Data shown:
BEGIN

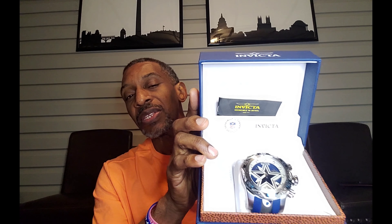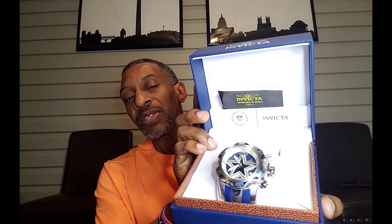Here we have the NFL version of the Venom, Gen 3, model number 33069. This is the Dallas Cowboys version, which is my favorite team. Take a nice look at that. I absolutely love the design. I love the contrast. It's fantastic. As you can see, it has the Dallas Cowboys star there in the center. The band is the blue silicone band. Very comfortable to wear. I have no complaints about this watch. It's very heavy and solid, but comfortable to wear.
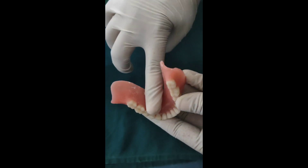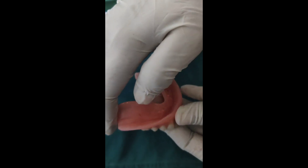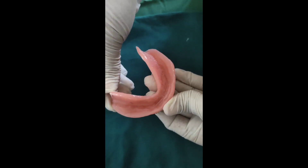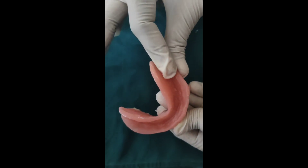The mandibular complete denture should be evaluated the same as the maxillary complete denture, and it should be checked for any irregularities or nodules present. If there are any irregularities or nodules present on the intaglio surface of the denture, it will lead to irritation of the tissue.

END
BEGIN

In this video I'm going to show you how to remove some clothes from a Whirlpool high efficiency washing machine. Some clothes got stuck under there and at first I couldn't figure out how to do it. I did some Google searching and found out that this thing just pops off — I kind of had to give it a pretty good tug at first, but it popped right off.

END

Instructions for the task: In the listing above, find the line with "Here we have" and the line with "The mandibular complete". Copy both of them and every line between, exactly, but not the pictures.

Answer to this task:
Here we have the NFL version of the Venom, Gen 3, model number 33069. This is the Dallas Cowboys version, which is my favorite team. Take a nice look at that. I absolutely love the design. I love the contrast. It's fantastic. As you can see, it has the Dallas Cowboys star there in the center. The band is the blue silicone band. Very comfortable to wear. I have no complaints about this watch. It's very heavy and solid, but comfortable to wear.
The mandibular complete denture should be evaluated the same as the maxillary complete denture, and it should be checked for any irregularities or nodules present. If there are any irregularities or nodules present on the intaglio surface of the denture, it will lead to irritation of the tissue.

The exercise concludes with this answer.